--- START ---

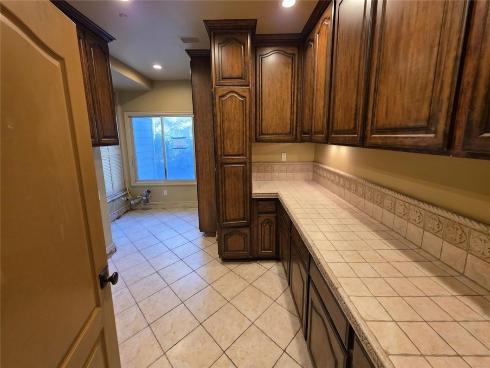 1  Shire  , Coto de Caza, CA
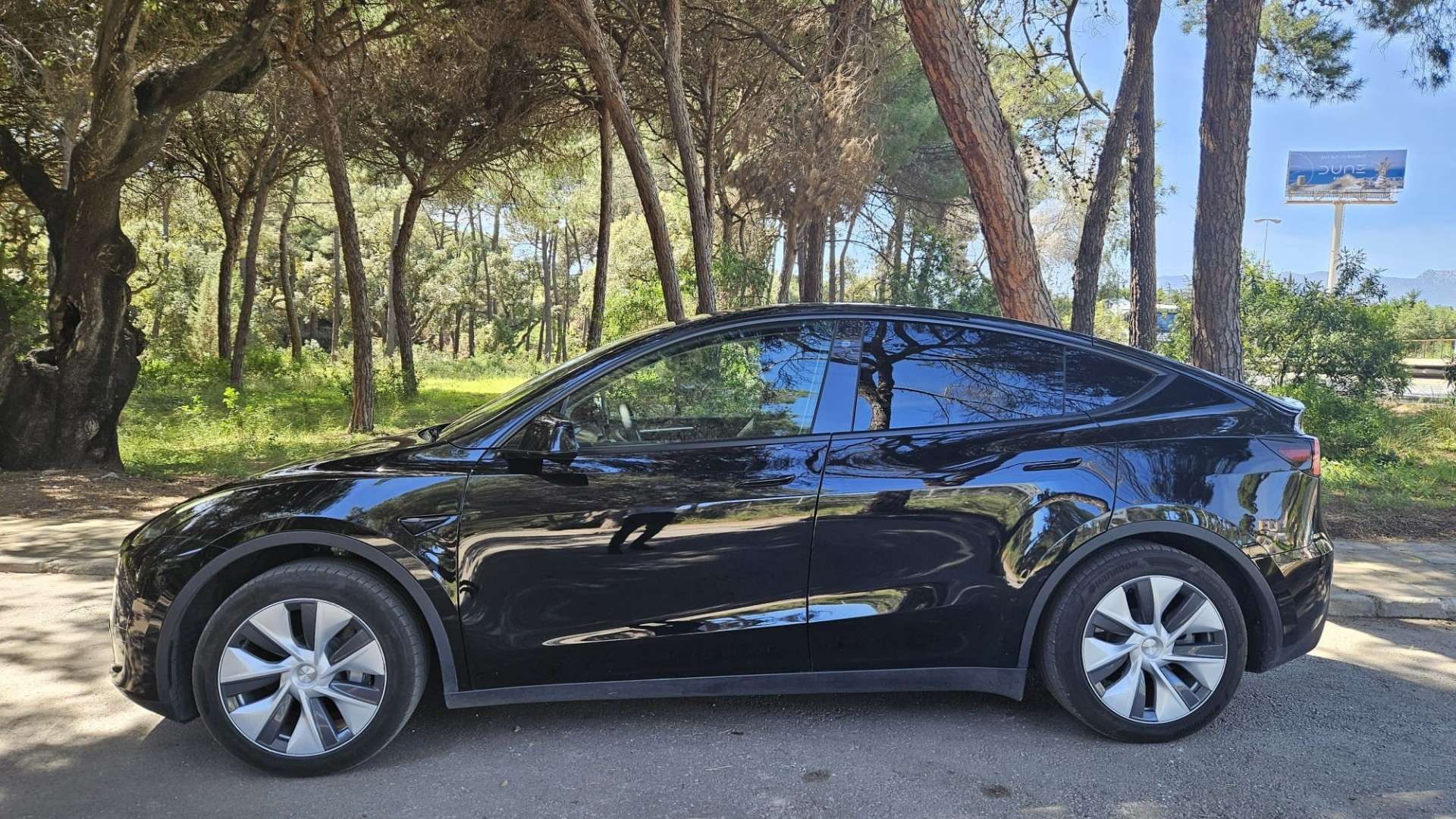Tesla Model Y RWD - foto 1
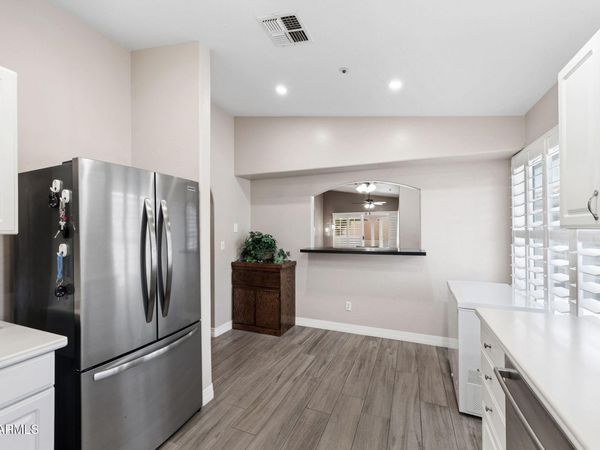 702 LEISURE WORLD, Mesa, AZ 85206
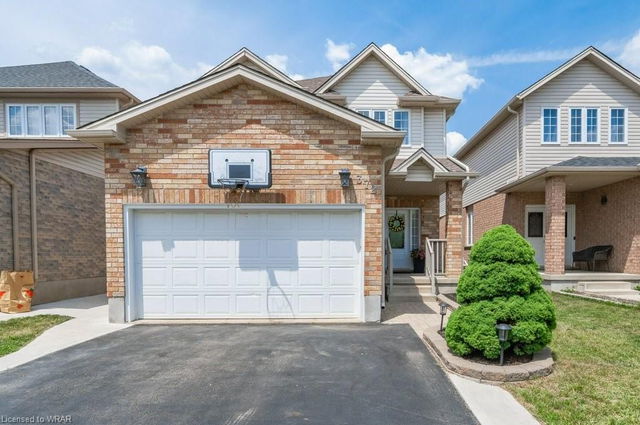 372 Thomas Slee Drive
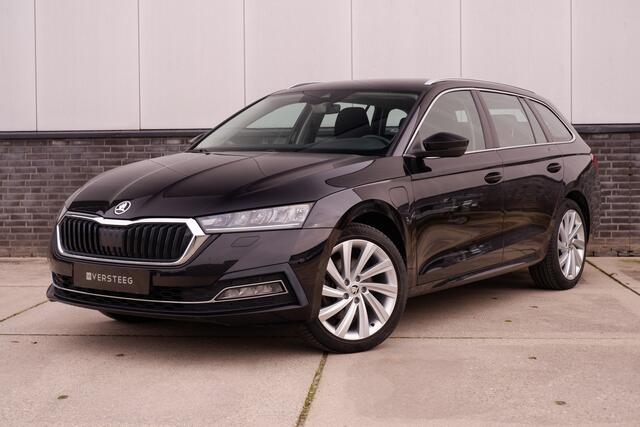 Skoda OCTAVIA Combi 1.4 TSI iV PHEV Business Edition | LED | Trekhaak | Navi | Camera | Carplay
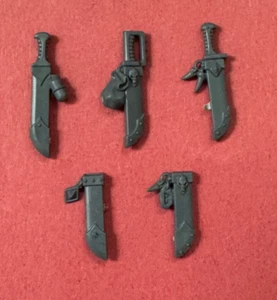 NUEVO Space Wolves GARRAS DE SANGRE 5 X CUCHILLOS Y VAINAS - Brocas 40K - Imagen 1 de 1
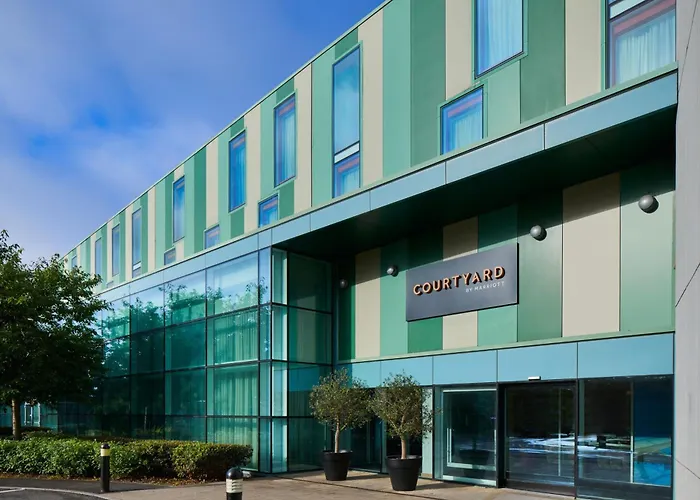 Hotels With Four Stars Courtyard By Marriott London Gatwick Airport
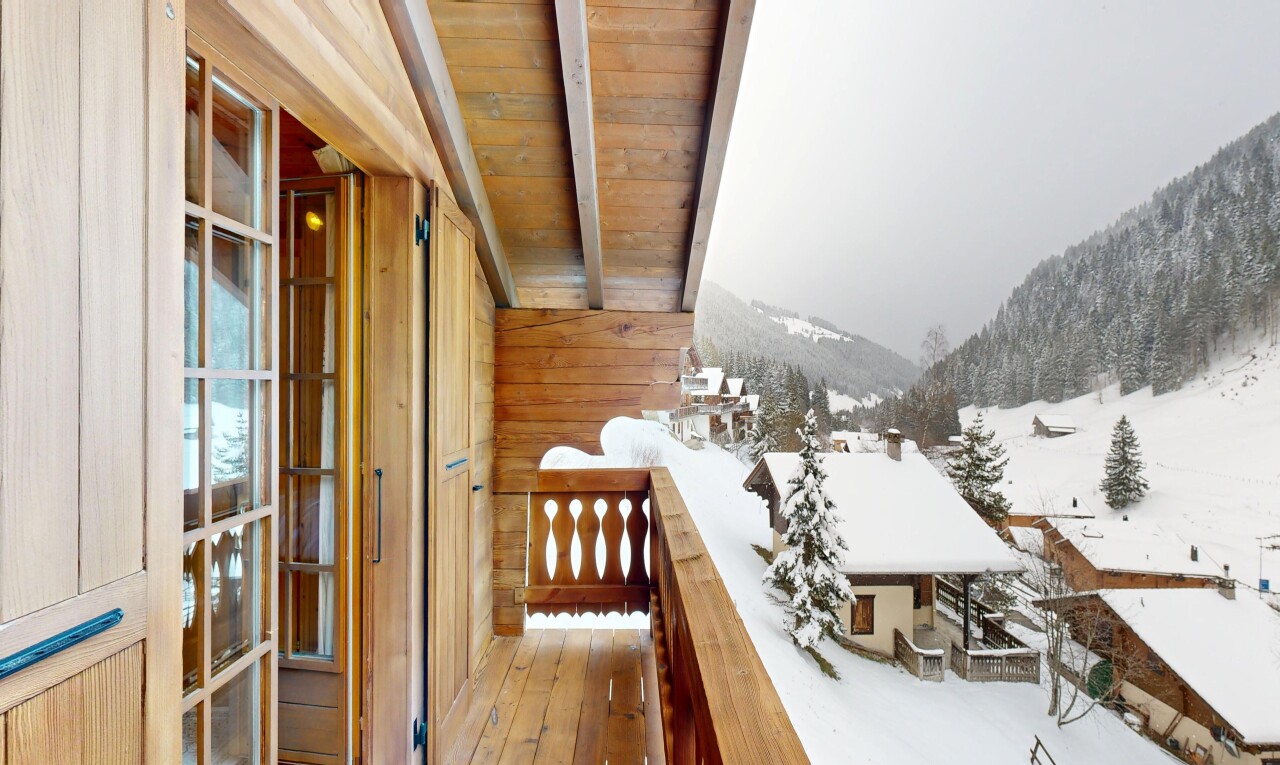 balcon avec snow, overcast, balcon, vue sur la montagne, et mountain view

--- END ---

- _Task objective_: The copy should hold every entry above word for word and none of the pictures.

- _Written answer_:
 1  Shire  , Coto de Caza, CA
Tesla Model Y RWD - foto 1
 702 LEISURE WORLD, Mesa, AZ 85206
 372 Thomas Slee Drive
 Skoda OCTAVIA Combi 1.4 TSI iV PHEV Business Edition | LED | Trekhaak | Navi | Camera | Carplay
 NUEVO Space Wolves GARRAS DE SANGRE 5 X CUCHILLOS Y VAINAS - Brocas 40K - Imagen 1 de 1
 Hotels With Four Stars Courtyard By Marriott London Gatwick Airport
 balcon avec snow, overcast, balcon, vue sur la montagne, et mountain view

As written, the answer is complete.